Published
4 years agoon
By
Joe Pee
An area of roughly half a million miles between Bermuda, Miami and Puerto Rico form the infamous Bermuda Triangle where countless ships and planes have vanished without a trace. Secrets of the Bermuda Triangle attempts to solve the mystery behind the disappearance of massive naval cargo ships and torpedo bombers. This three-part documentary hosted by Rick Edwards and Ortis Deley eschews the sensational for the sensible and is no less thrilling for it.
The brilliantly blue waters of the Atlantic teeming with life and colour form a spectacular backdrop as Edwards and Deley meet sailors (including a foolhardy one who packed for a day trip and was lost at sea for 16 days), physicists, meteorologists, academics and coastguards among other experts to uncover the secrets of the triangle.
The first episode looks at the disappearance of the USS Cyclops with 309 souls on board. In 1918, this American naval cargo ship carrying 10,000 tonnes of manganese ore left Barbados for Baltimore on March 4 and was never heard of again.
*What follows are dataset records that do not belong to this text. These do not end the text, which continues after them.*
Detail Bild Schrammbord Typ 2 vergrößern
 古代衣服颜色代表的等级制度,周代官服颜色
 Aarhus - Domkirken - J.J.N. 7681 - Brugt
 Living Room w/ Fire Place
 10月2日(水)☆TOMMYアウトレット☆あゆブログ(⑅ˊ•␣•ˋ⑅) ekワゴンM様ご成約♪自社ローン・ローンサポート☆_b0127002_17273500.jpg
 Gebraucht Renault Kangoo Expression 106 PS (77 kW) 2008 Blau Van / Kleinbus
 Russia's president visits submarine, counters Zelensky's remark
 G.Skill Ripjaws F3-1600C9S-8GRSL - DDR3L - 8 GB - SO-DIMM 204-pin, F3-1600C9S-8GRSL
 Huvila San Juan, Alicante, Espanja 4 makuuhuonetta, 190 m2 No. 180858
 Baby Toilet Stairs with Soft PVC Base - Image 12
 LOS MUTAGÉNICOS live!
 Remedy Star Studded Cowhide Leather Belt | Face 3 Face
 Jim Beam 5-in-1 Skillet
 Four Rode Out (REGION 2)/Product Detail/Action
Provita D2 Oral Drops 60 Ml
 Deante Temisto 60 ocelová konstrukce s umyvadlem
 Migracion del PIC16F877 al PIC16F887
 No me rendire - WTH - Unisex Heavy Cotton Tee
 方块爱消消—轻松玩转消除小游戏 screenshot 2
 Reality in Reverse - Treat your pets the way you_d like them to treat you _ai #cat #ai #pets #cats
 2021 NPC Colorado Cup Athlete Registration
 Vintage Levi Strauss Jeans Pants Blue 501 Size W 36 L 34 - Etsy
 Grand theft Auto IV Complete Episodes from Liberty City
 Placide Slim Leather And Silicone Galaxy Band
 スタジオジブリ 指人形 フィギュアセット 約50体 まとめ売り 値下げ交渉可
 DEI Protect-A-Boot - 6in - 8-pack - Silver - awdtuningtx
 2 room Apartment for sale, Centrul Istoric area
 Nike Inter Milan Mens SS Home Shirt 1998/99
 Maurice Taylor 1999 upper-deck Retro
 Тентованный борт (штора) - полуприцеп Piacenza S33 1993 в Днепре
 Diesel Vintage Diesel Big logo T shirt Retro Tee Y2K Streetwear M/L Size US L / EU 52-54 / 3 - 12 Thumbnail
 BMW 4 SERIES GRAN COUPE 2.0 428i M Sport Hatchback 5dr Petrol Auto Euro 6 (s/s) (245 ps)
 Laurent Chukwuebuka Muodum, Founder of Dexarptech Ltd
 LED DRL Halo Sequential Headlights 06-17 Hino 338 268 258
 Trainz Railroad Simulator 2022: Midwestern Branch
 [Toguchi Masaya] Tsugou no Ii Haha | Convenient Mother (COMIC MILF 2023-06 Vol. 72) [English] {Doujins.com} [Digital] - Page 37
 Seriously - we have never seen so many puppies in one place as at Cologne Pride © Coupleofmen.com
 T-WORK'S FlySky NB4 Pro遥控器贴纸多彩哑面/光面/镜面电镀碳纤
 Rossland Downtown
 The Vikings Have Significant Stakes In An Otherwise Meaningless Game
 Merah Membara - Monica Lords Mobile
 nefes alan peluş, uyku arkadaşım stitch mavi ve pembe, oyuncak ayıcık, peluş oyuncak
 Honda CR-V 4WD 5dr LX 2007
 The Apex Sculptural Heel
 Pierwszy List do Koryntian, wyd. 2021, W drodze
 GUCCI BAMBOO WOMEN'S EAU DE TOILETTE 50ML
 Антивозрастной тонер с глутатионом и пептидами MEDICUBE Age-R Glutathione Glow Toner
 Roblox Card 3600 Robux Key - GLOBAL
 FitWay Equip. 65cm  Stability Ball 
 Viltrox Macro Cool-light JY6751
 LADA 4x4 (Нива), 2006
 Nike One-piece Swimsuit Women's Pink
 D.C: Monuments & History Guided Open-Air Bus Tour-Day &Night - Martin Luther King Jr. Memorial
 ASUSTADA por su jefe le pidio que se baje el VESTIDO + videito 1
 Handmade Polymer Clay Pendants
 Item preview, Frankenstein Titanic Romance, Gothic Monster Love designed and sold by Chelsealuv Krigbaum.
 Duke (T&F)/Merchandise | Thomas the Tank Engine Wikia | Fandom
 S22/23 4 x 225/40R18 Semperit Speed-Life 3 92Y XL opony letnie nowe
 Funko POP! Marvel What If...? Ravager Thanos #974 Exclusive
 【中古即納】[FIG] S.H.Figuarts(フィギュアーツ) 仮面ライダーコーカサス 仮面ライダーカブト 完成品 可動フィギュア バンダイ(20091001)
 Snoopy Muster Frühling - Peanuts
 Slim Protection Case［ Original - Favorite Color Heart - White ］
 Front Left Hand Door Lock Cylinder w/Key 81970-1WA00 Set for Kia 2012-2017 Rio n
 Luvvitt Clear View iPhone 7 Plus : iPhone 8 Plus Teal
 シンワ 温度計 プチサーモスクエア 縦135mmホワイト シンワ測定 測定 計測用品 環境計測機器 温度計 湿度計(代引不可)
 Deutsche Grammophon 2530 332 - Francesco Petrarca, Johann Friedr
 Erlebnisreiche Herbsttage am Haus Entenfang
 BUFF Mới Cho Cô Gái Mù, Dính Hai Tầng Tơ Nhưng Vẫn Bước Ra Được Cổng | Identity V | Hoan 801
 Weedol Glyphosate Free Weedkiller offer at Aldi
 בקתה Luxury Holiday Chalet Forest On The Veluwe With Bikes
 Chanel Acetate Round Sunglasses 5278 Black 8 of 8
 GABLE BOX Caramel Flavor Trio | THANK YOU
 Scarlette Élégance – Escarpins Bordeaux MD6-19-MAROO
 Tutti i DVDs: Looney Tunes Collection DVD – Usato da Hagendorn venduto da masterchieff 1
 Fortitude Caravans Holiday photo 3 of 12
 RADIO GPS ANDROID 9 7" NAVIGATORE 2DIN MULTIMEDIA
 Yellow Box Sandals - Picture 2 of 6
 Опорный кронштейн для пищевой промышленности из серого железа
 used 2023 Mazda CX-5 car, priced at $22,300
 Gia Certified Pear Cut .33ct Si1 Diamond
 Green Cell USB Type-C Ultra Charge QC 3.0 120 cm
While there are several theories including one involving a giant squid (a personal favourite) the show posits the theory of a rogue wave that could cause the heavily-loaded ship to snap in two and sink in minutes.
The fact that one does not need a license to sail a leisure craft has caused many inexperienced sailors to come to grief on the open ocean which “is a terrifying adversary.” The sea does not suffer fools gladly as the documentary makes clear. As one old salt explains, one should never underestimate Mother Nature. Another experienced sailor lists out signs of a storm from mare-tail clouds and warning squalls to the smell of a storm, which he describes as “earthy and dank.”
While the first episode looks at the water, the second episode looks at disappearances in the air focusing on the disappearance of Flight 19. On December 5, 1945, five Avenger torpedo bombers led by Lieutenant Charles Taylor set off on a routine mission never to return. Hearing Taylor’s last recorded message, “We all go down together,” is especially poignant. Deley reveals how easy it is to get disorientated in a flight simulator under controlled conditions. It is not difficult to imagine the doomed pilots going off course in inclement weather and running out of fuel to crash into the sea.
Deley and Edwards talk to scientists and weather people about micro bursts (rain bombs), which plague the area making navigation even more difficult. The show details the history of the notorious area from Christopher Columbus finding his compass acting strange in 1493 to journalist Edward Van Winkle Jones’ article in 1950 about the disappearances in the triangle and Charles Berlitz 1974 bestseller The Bermuda Triangle. While the mind-bending sighting of ghost ships has a pretty name—Fata Morgana, it is explained by physics and the bending of light. The story behind Morgan’s cloud in Bermuda gets a mention as do UFO enthusiasts who blame visiting aliens for the disappearances.
The second episode ends with Edwards visiting a plane wreck site from 1963. Seeing the ocean floor strewn with the wreckage of the ill-fated B50 bomber is emblematic of our constant efforts to best Nature and her inexorable and inevitable push back.